The easy answer is, she didn't have to water because she was only growing vegetables that survive. Is she in a town? If in the countryside, she's probably a cotter of some sort--woodcutter, shepherd, that sort of thing. Anyway, she'd have access to water for the household itself. It would be a straightforward matter to have two jars or buckets she could carry by yoke from the well or stream or pond. I know (from parish registers) that one cause of death in the late Middle Ages for young girls was drowning. They'd be sent to fetch water. 

For a vegetable garden, I don't think it needs any more than that.


----------



## Rosemary Tea (Nov 19, 2021)

skip.knox said:


> The easy answer is, she didn't have to water because she was only growing vegetables that survive. Is she in a town? If in the countryside, she's probably a cotter of some sort--woodcutter, shepherd, that sort of thing. Anyway, she'd have access to water for the household itself. It would be a straightforward matter to have two jars or buckets she could carry by yoke from the well or stream or pond. I know (from parish registers) that one cause of death in the late Middle Ages for young girls was drowning. They'd be sent to fetch water.
> 
> For a vegetable garden, I don't think it needs any more than that.


Town, though on the outskirts. The property she lives on has its own well. 

I had pictured a yoke and buckets to fetch water, but wondered if she'd do that for the garden, and if so, how that would translate to watering the garden.

It's a minor detail, but knowing how it works helps authenticate it. So, now I have it: she might put some water in the rain barrel, if it's running low and the garden needs a little irrigating. If a particular plant looks like it needs some help, she'd get it with a watering can. But mostly, she wouldn't have to water.


----------



## Mad Swede (Nov 19, 2021)

Rosemary Tea said:


> And do they not need to water their vegetable gardens in Sweden, either?
> 
> That's the scenario I'm working with: not a farm, but a vegetable garden. How the farmers are farming isn't really relevant to the story, although if they're using some sort of aqueduct, I suppose that could get a mention somewhere. For the purpose of the story, it's enough to know that there are farmers around and they're getting their crops somehow.
> 
> ...


The only time I ever saw my grandparents or parents water the vegetable patch was when there was a real drought. Otherwise they didn't need to, the ground water and the pond (water leaches out of the sides into the soil) did it for them. In late summer, we didn't have things like potatoes, they came later on. We had summer vegetables like peas or more usually some form of beans and fresh bread with our meals. We planted what we knew would grow at the various times of year.

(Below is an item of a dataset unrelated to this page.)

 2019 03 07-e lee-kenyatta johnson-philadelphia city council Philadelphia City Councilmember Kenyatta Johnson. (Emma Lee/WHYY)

The point I'm making I guess is that food is seasonal so you don't eat in the way that we do now. I still have trouble accepting the way some people make a salad with tomatoes, sweet peppers and lettuce in the middle of winter, it just doesn't seem right.


----------



## Rosemary Tea (Nov 19, 2021)

Mad Swede said:


> The only time I ever saw my grandparents or parents water the vegetable patch was when there was a real drought. Otherwise they didn't need to, the ground water and the pond (water leaches out of the sides into the soil) did it for them. In late summer, we didn't have things like potatoes, they came later on. We had summer vegetables like peas or more usually some form of beans and fresh bread with our meals. We planted what we knew would grow at the various times of year.
> 
> The point I'm making I guess is that food is seasonal so you don't eat in the way that we do now. *I still have trouble accepting the way some people make a salad with tomatoes, sweet peppers and lettuce in the middle of winter, it just doesn't seem right.*


Even worse, I've seen something like that advertised, unironically, as a seasonal recipe. Even in California, peppers and tomatoes aren't in season in the winter. Lettuce, yes.


----------



## pmmg (Nov 19, 2021)

I must confess, I having difficulty imagining a society without the advancement of irrigation having much of anything else. I could invent stuff, but why when irrigation seems like such a no brainer. If I want the water from the river to flow over here, how about I dig a path for it would seem an easy leap for even primitive cultures. If the know enough to dig a well, they must know how to dig a ditch.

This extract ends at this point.